> YOUR TASK
All that should be output is the block of lines below from the line with "アンパスィ レディース ゴルフウェア" to the line with "Rituals Skin Care", both included, exactly as written.

> STORED DATA
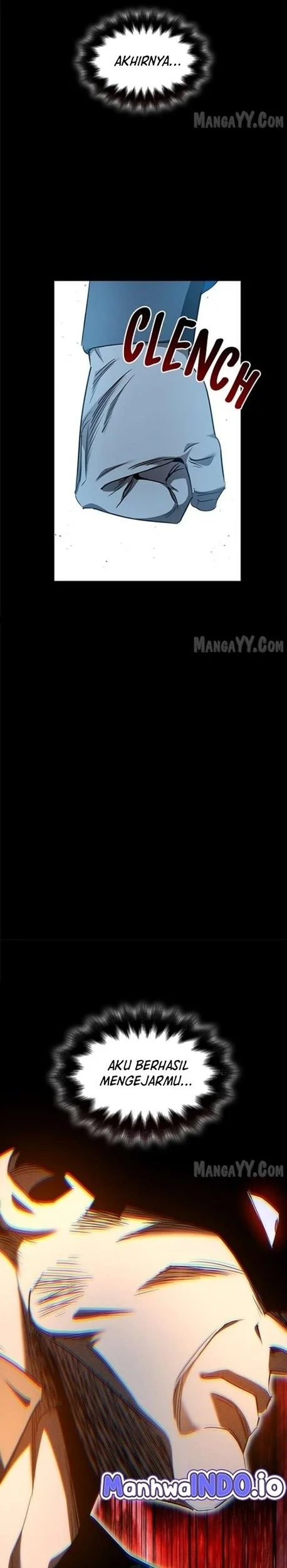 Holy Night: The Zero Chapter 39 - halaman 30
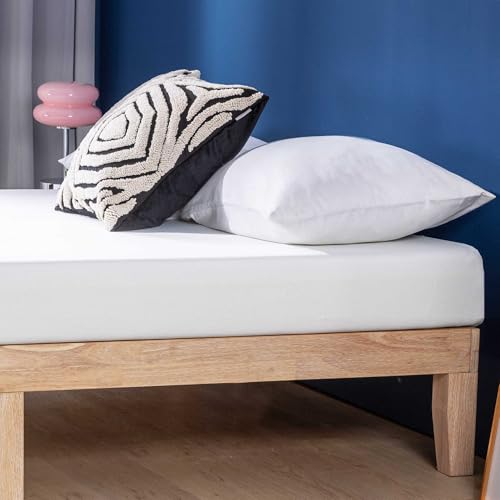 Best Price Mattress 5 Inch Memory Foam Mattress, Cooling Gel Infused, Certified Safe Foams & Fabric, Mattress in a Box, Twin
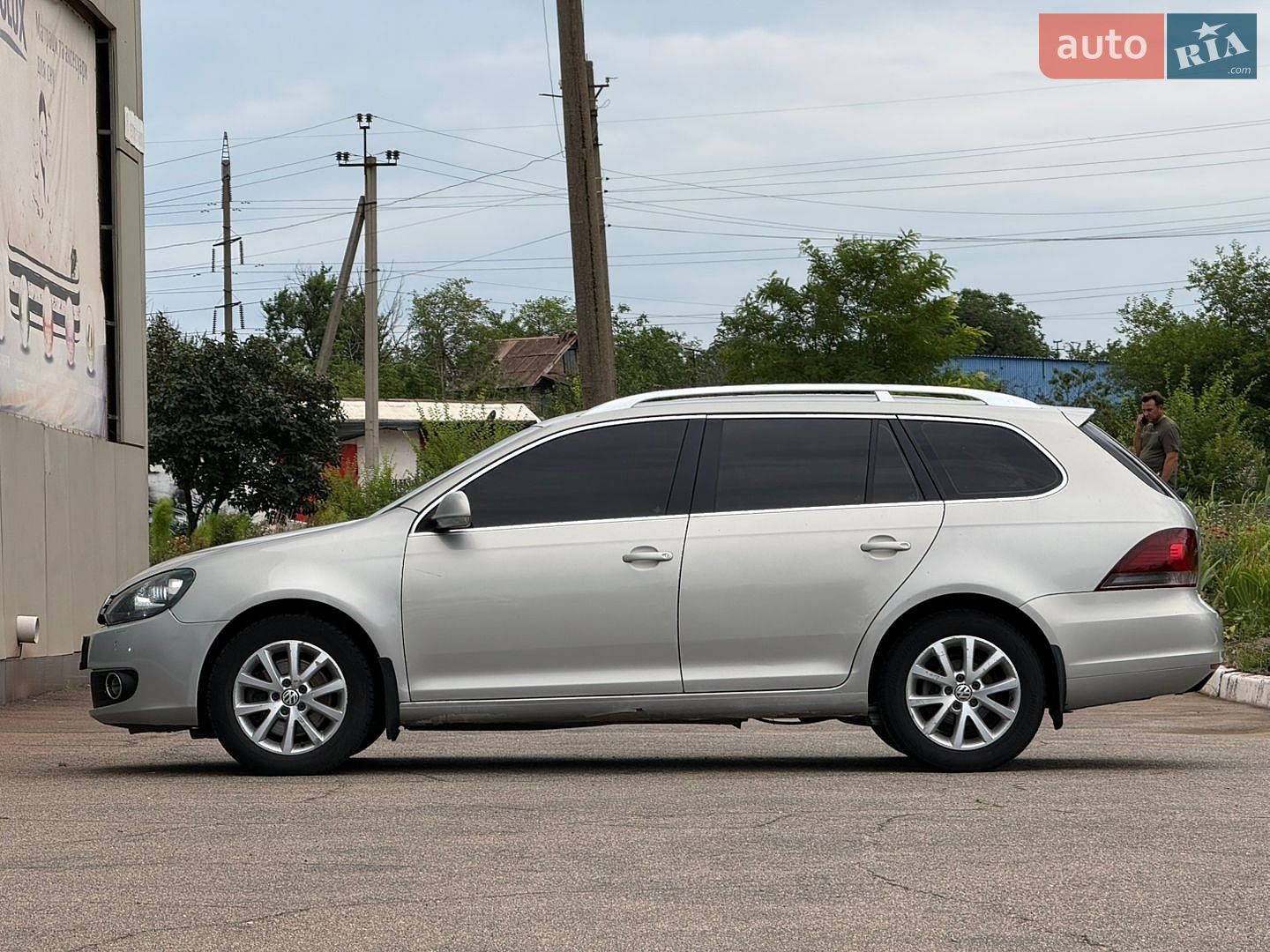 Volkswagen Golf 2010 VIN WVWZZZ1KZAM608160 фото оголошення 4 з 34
...
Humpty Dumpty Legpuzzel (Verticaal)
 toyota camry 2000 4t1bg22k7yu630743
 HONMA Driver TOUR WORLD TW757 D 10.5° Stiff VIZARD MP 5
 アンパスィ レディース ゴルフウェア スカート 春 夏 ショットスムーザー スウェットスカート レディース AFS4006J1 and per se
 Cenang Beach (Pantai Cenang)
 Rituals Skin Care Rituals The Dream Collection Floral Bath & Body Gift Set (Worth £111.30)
--
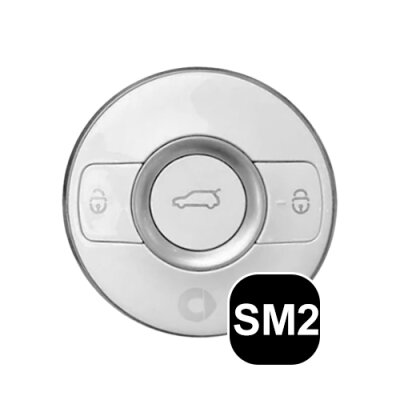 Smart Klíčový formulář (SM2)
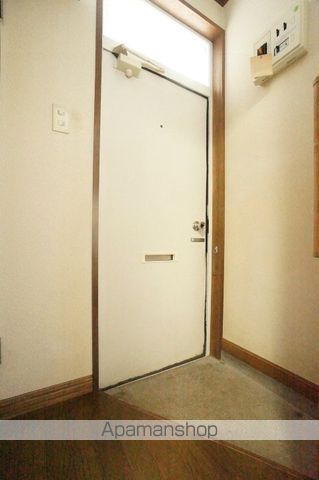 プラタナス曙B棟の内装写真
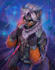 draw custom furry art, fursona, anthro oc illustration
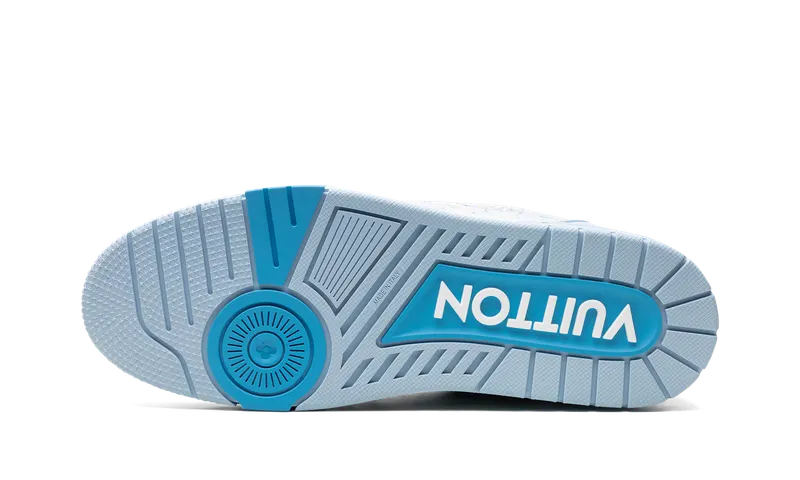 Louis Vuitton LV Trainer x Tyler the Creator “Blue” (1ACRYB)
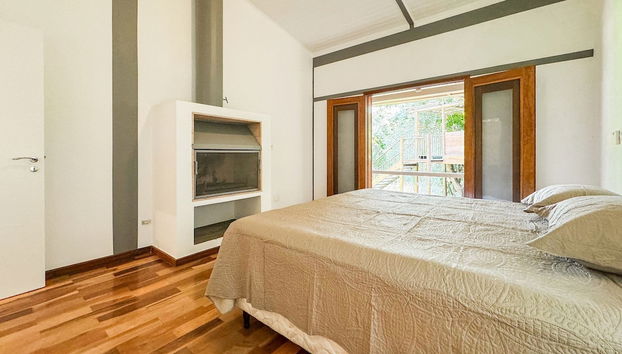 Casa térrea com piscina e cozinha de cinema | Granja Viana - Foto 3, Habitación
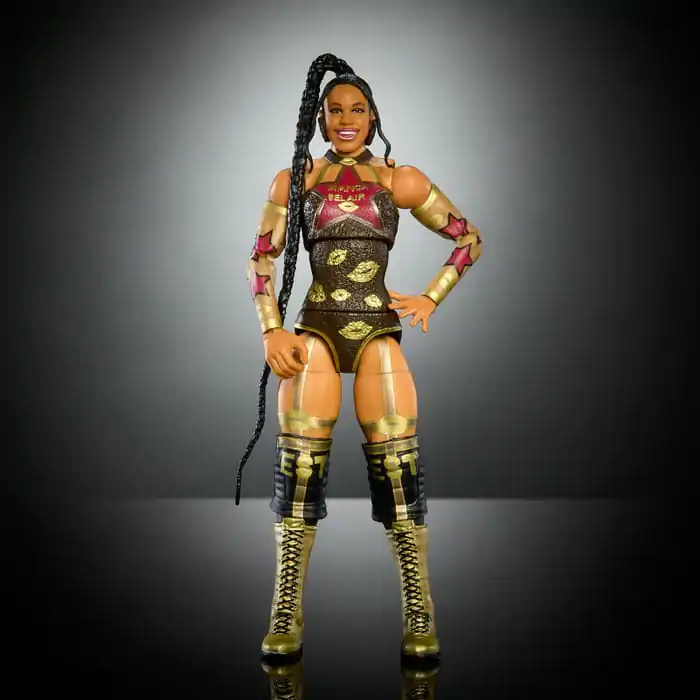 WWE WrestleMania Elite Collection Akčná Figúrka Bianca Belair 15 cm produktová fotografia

> EXERCISE ANSWER
 アンパスィ レディース ゴルフウェア スカート 春 夏 ショットスムーザー スウェットスカート レディース AFS4006J1 and per se
 Cenang Beach (Pantai Cenang)
 Rituals Skin Care Rituals The Dream Collection Floral Bath & Body Gift Set (Worth £111.30)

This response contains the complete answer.